■ Excerpted data:
⟨
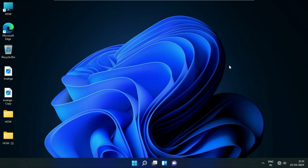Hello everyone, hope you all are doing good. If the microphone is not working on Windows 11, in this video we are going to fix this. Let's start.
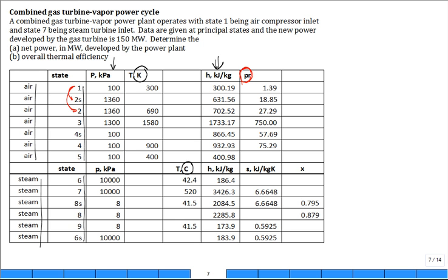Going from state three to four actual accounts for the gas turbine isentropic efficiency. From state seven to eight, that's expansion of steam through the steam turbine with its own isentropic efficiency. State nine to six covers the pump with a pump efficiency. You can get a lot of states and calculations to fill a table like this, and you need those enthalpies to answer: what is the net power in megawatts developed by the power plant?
⟩
⟨
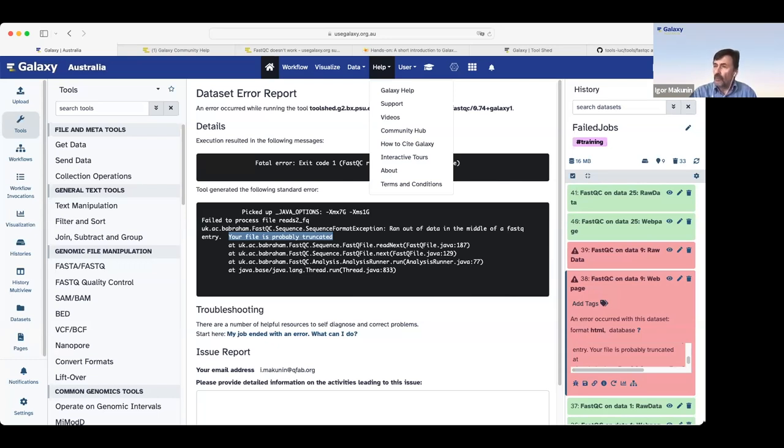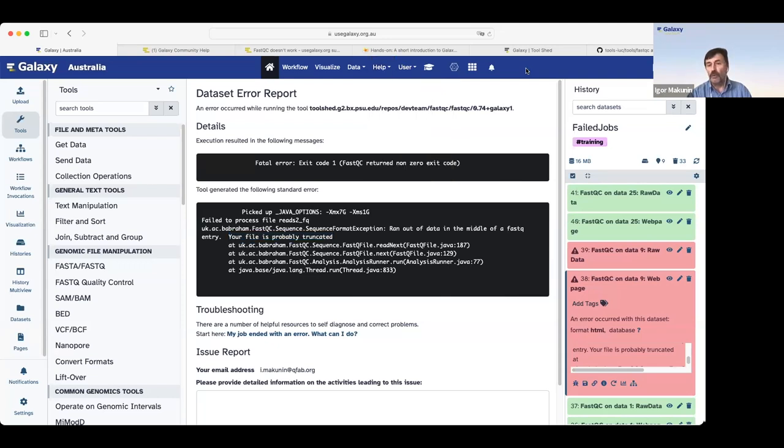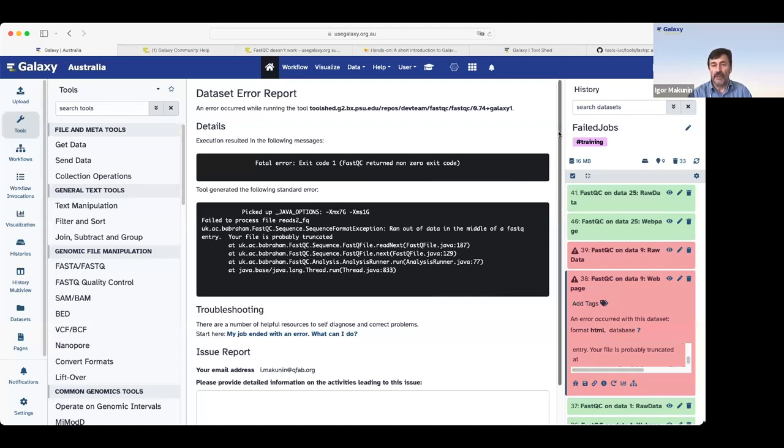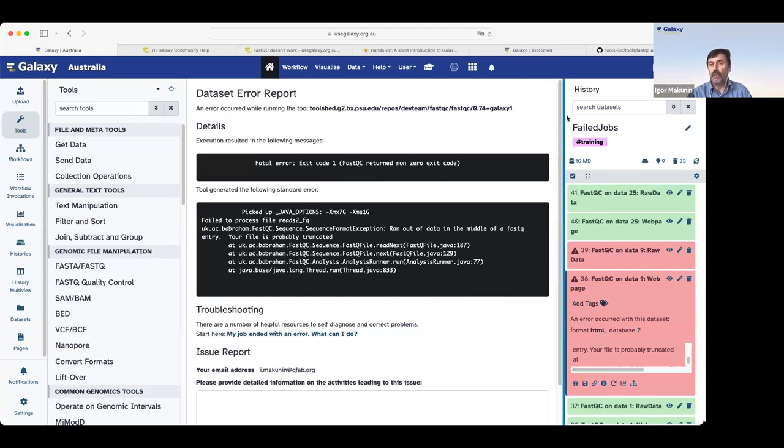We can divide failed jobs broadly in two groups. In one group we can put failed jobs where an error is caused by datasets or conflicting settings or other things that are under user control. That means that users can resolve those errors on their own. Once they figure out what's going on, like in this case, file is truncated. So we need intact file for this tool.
⟩
■ Problem statement: Going by the data above, give back only the lines from the one containing "Hello everyone, hope" through the one containing "Going from state", exactly as they stand, both ends included and no images.

■ Exercise result:
Hello everyone, hope you all are doing good. If the microphone is not working on Windows 11, in this video we are going to fix this. Let's start.
Going from state three to four actual accounts for the gas turbine isentropic efficiency. From state seven to eight, that's expansion of steam through the steam turbine with its own isentropic efficiency. State nine to six covers the pump with a pump efficiency. You can get a lot of states and calculations to fill a table like this, and you need those enthalpies to answer: what is the net power in megawatts developed by the power plant?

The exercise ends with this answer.